(Short web captions)
++++++

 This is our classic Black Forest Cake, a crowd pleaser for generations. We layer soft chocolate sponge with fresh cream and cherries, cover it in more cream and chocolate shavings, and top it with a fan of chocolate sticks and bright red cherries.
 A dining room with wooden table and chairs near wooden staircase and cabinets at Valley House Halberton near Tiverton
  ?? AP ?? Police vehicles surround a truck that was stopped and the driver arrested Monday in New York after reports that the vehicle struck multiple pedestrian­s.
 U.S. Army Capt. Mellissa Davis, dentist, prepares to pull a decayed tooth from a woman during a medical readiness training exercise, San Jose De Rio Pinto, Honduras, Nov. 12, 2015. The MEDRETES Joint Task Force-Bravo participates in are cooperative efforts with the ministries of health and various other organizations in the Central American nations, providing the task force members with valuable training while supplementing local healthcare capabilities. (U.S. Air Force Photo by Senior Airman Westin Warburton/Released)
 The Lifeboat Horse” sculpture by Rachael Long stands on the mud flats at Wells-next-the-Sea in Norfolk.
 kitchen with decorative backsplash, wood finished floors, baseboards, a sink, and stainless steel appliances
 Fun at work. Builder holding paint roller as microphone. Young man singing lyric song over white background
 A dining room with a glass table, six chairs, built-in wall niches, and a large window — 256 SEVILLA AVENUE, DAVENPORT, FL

++++++

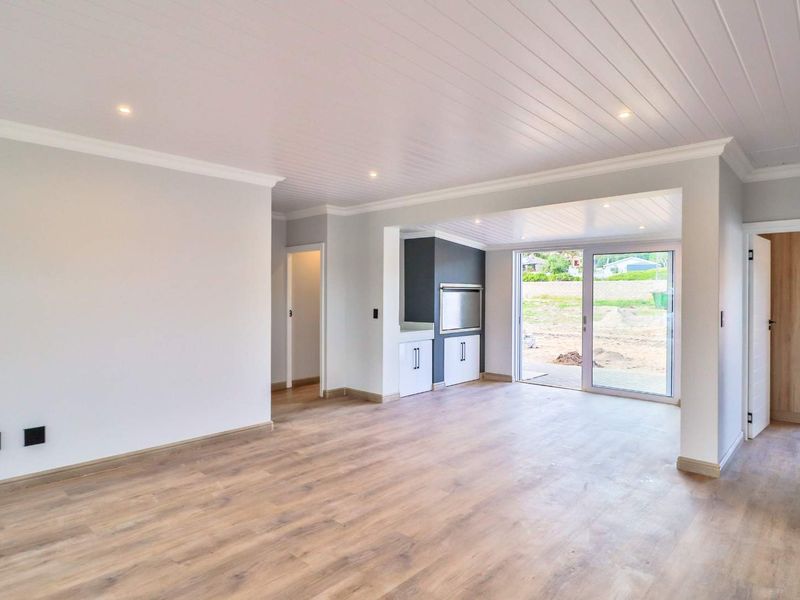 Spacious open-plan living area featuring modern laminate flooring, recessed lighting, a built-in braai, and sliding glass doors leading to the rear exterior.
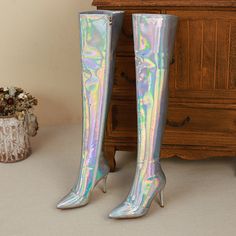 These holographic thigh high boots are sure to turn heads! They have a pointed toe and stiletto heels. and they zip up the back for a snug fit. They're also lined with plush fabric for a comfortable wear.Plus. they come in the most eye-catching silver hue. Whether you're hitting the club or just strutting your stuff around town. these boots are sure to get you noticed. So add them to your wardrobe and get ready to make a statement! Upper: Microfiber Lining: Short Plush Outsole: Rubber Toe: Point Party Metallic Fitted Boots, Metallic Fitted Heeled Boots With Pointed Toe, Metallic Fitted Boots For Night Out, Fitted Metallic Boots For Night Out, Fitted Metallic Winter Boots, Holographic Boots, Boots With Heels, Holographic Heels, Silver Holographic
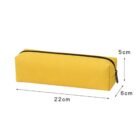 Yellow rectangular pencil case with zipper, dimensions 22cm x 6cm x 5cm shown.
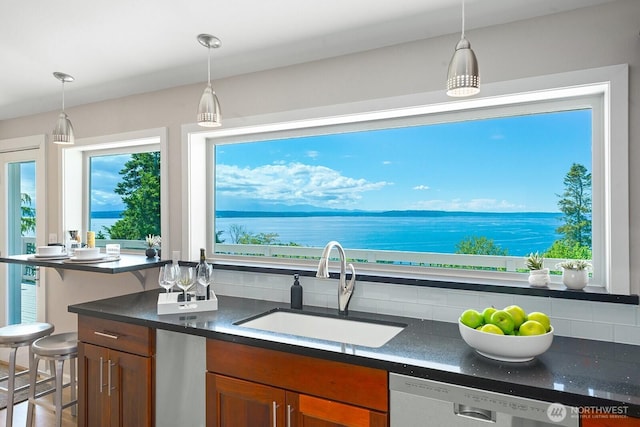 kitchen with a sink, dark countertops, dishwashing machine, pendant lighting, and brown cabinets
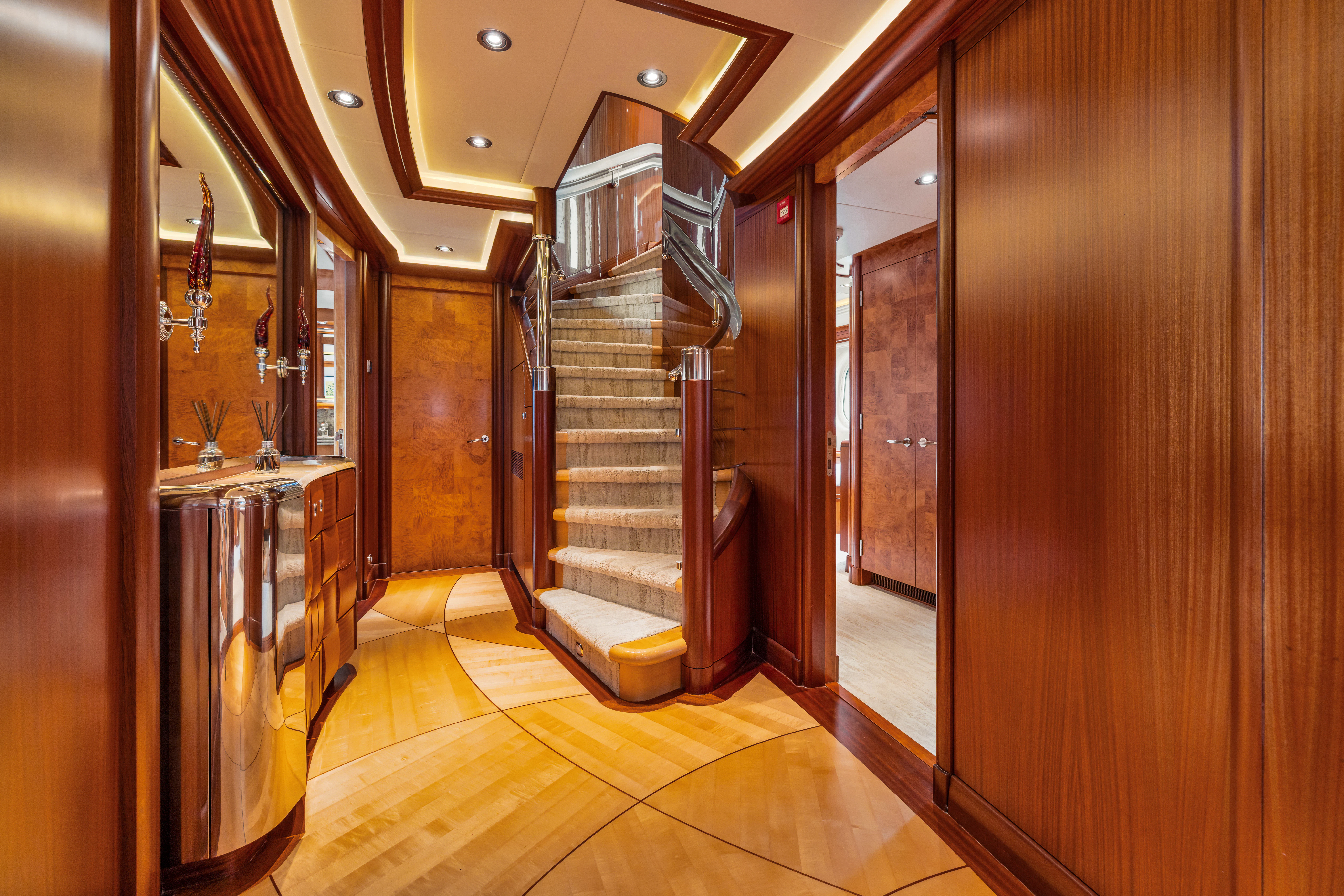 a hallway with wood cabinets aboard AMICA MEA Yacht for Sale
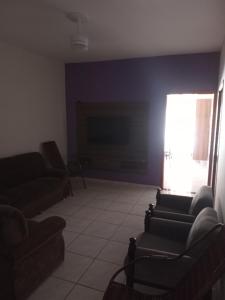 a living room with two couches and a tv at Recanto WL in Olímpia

++++++

§ Work item:
From the records above, copy only the lines starting with the line that holds "This is our" and going on through the line that holds "A dining room with a", exactly as written.

§ Response area:
 This is our classic Black Forest Cake, a crowd pleaser for generations. We layer soft chocolate sponge with fresh cream and cherries, cover it in more cream and chocolate shavings, and top it with a fan of chocolate sticks and bright red cherries.
 A dining room with wooden table and chairs near wooden staircase and cabinets at Valley House Halberton near Tiverton
  ?? AP ?? Police vehicles surround a truck that was stopped and the driver arrested Monday in New York after reports that the vehicle struck multiple pedestrian­s.
 U.S. Army Capt. Mellissa Davis, dentist, prepares to pull a decayed tooth from a woman during a medical readiness training exercise, San Jose De Rio Pinto, Honduras, Nov. 12, 2015. The MEDRETES Joint Task Force-Bravo participates in are cooperative efforts with the ministries of health and various other organizations in the Central American nations, providing the task force members with valuable training while supplementing local healthcare capabilities. (U.S. Air Force Photo by Senior Airman Westin Warburton/Released)
 The Lifeboat Horse” sculpture by Rachael Long stands on the mud flats at Wells-next-the-Sea in Norfolk.
 kitchen with decorative backsplash, wood finished floors, baseboards, a sink, and stainless steel appliances
 Fun at work. Builder holding paint roller as microphone. Young man singing lyric song over white background
 A dining room with a glass table, six chairs, built-in wall niches, and a large window — 256 SEVILLA AVENUE, DAVENPORT, FL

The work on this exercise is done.